What are the Common Causes of Performance Issues in Greenplum Database?
Post date: Sep 21, 2012 3:2:35 PM
The following issues are the most common cause of performance problems in Greenplum Database:
Hardware failures and invalid segments
Multiple workloads competing for system resources
Contention between concurrent transactions
Inaccurate database statistics
Unbalanced data distribution across the segments
Unoptimized database design
Hardware failures and invalid segments
The performance of Greenplum Database is dependant upon the hardware and IT infrastructure on which it is running. Greenplum Database is comprised of several servers (or hosts) acting together as one cohesive system. Greenplum Database’s performance will be as fast as the slowest host in the array. Problems with CPU utilization, memory management, I/O processing, or network load will affect performance. Common hardware-related issues are:
Disk Failure – Although a single disk failure should not dramatically effect database performance if you are using RAID, there is some impact caused by disk resynching consuming resources on the host with failed disks. The gpcheckperf utility can help identify segment hosts that have disk I/O issues.

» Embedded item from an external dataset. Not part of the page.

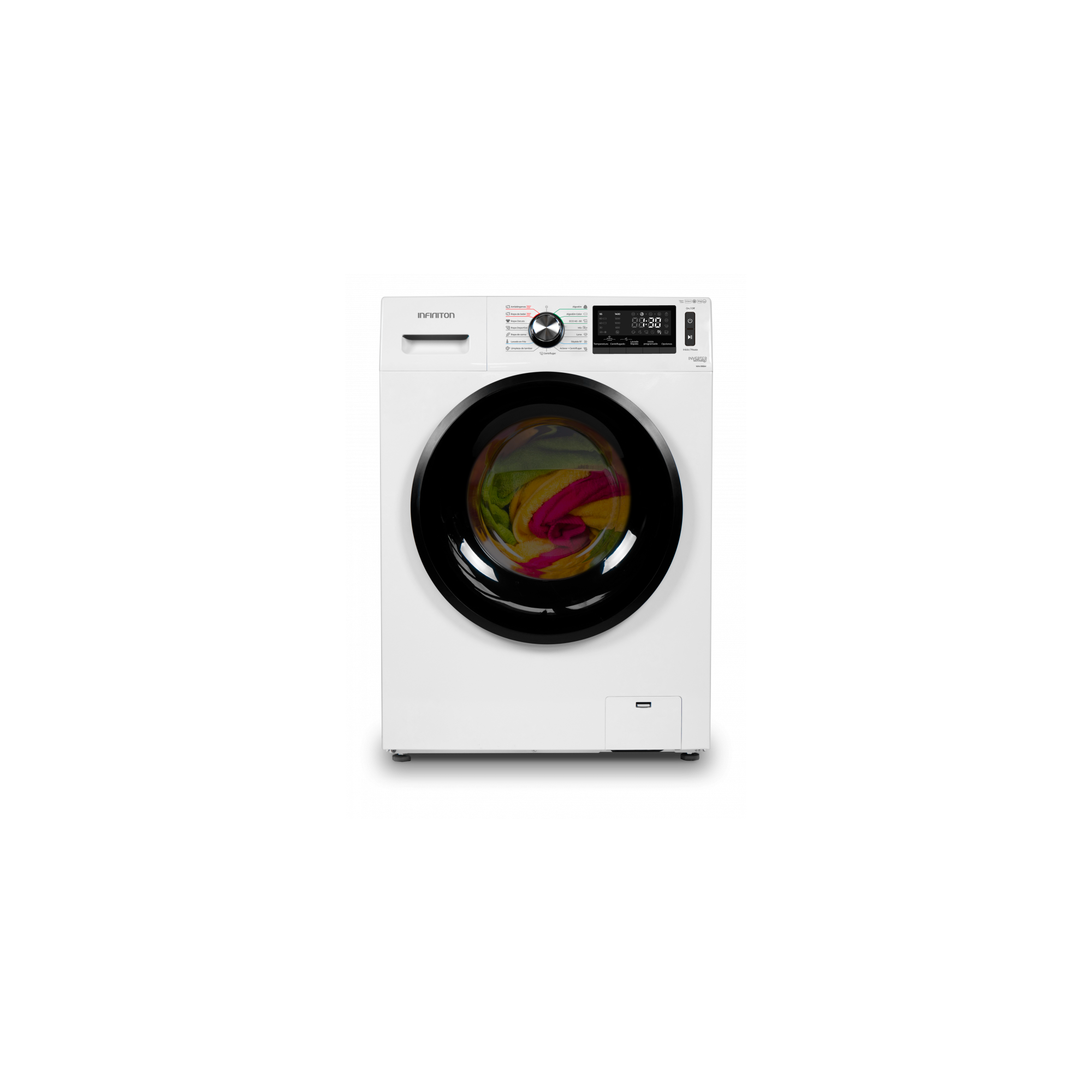 WM-A92B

Host Failure – When a host is offline the segments on that host are out of operation. This means that other hosts in the array are doing double duty as they are running both the primary segments and a number of mirrors. If mirrors are not enabled – service is interrupted. There is also a temporary interruption of service to recover failed segments. The gpstate utility can help identify failed segments.
Network Failure – Failure of a network interface card, a switch, or DNS server can bring down segments. If host names or IP addresses cannot be resolved within your Greenplum array, these manifest themselves as interconnect errors in Greenplum Database. The gpcheckperf utility can help identify segment hosts that have network issues.

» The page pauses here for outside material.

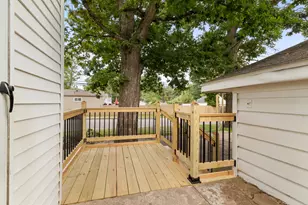 35809 Manila Ave, Westland, MI 48186 - Photo 19
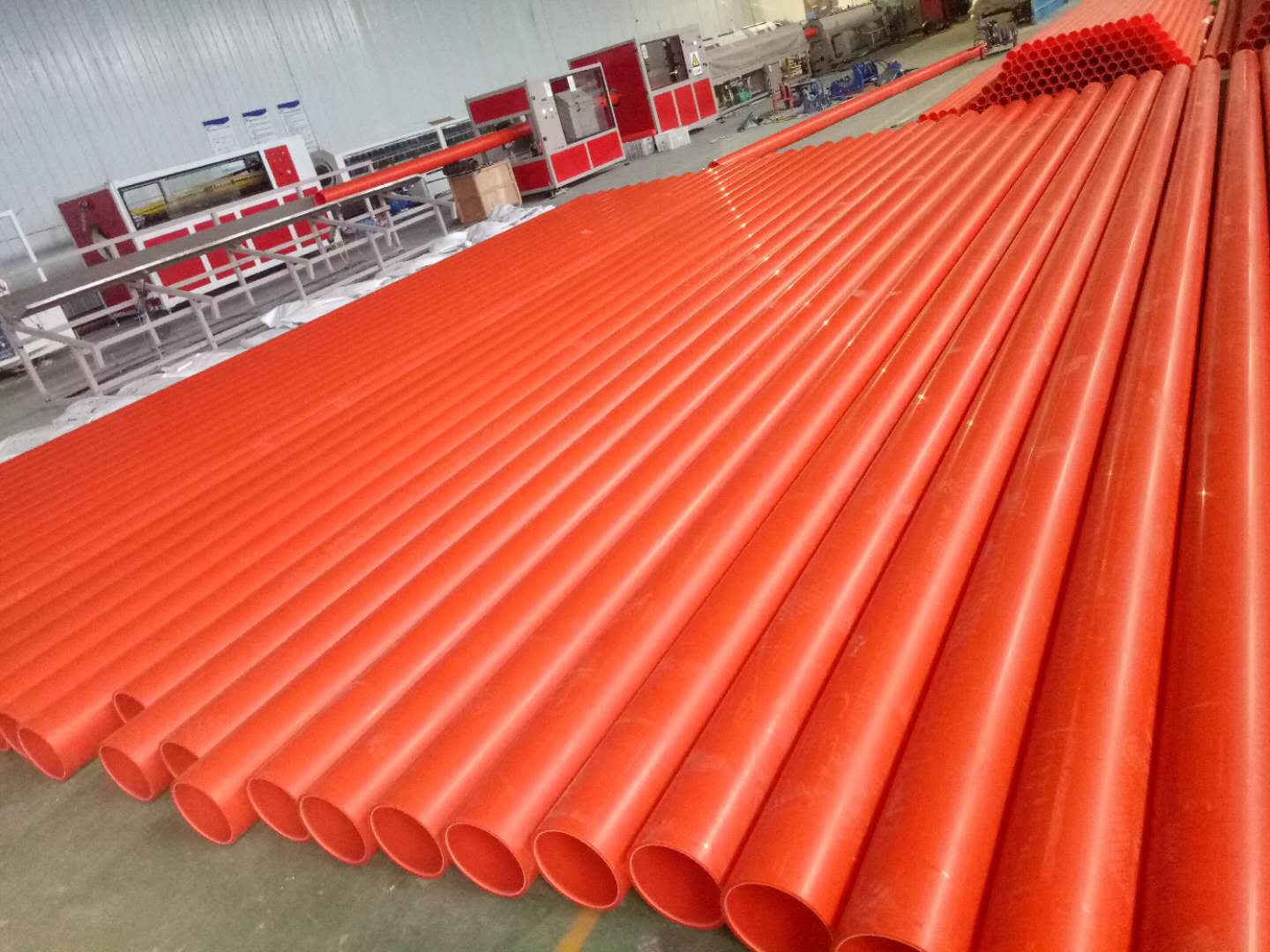 MPP電力管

Disk Capacity – Disk capacity on your segment hosts should never exceed 70 percent full. Greenplum needs some free space for runtime processing. You can reclaim disk space occupied by deleted rows by running VACUUM after loads or updates. The gp_toolkit administrative schema has a number of views for checking the size of distributed database objects.
Multiple workloads
A database system has a limited capacity of CPU, memory, and disk I/O resources. When multiple workloads compete for access to these resources, database performance suffers. Workload management can be used to maximize system throughput while still meeting varied business requirements. Greenplum Database workload management limits the number of active queries in the system at any given time in order to avoid exhausting system resources. This is accomplished by creating role-based resource queues. A resource queue has attributes that limit the size and/or total number of queries that can be executed by the users (or roles) in that queue. By assigning all of your database roles to the appropriate resource queue, administrators can control concurrent user queries and prevent the system from being overloaded.

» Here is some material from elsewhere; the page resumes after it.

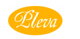 PLEVA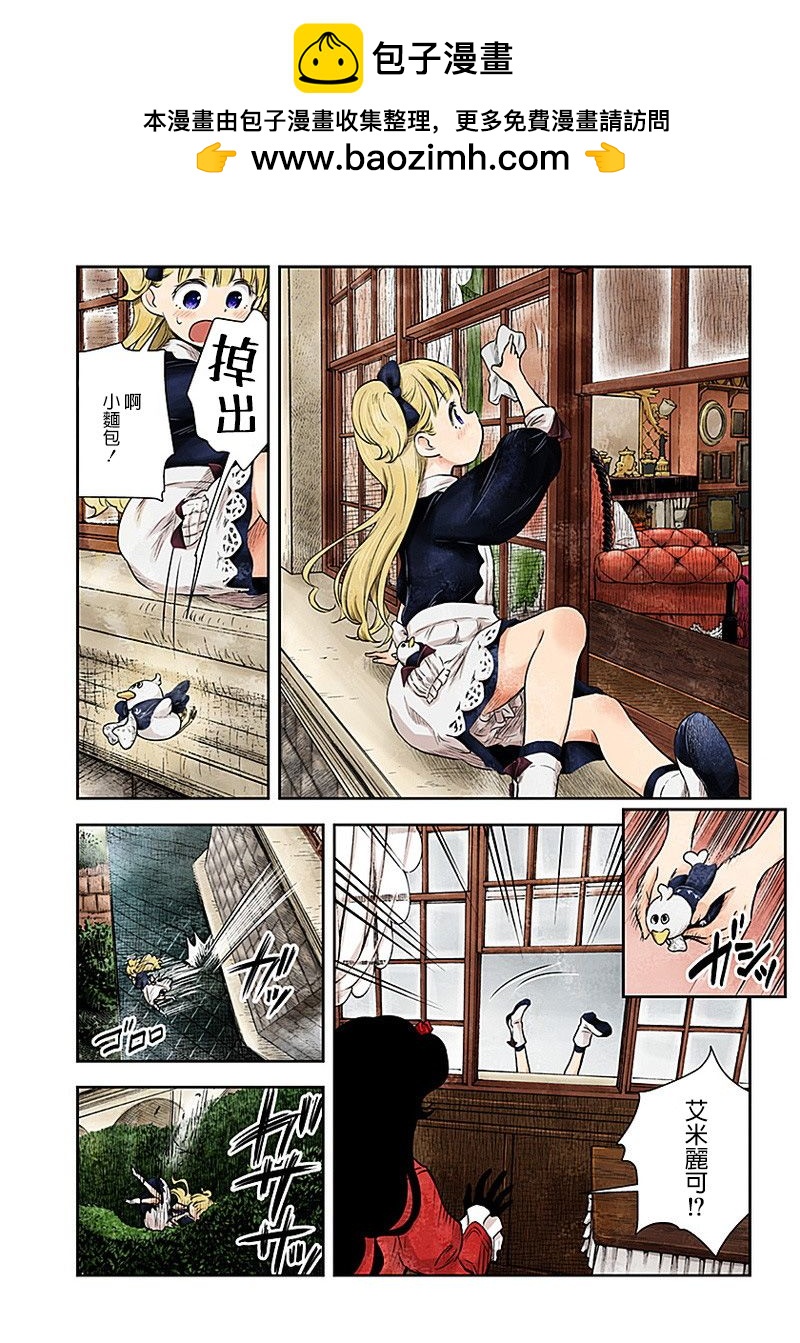 第 2 页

As the Greenplum Database administrator, run maintenance workloads such as data loads and VACUUM ANALYZE operations after regular business hours. Do not compete with database users for system resources by performing administrative tasks at peak usage times.
Contention
Contention arises when two or more users or workloads try to use the system in a conflicting way. For example, if two transactions are trying to update the same table at once. A transaction seeking either a table-level or row-level lock will wait indefinitely for conflicting locks to be released. This means it is a bad idea for applications to hold transactions open for long periods of time (e.g., while waiting for user input).
Database statistics
Greenplum Database uses a cost-based query planner that relies on database statistics. Accurate statistics allow the query planner to better estimate the number of rows retrieved by a query in order to choose the most efficient query plan. Without database statistics, the query planner can not estimate how many records might be returned, and therefore cannot assume it has sufficient memory to perform certain operations such as aggregations. In this case, the planner always takes the safe route and does aggregations by reading/writing from disk, which is significantly slower than doing them in memory. The ANALYZE command collects statistics about the database needed by the query planner.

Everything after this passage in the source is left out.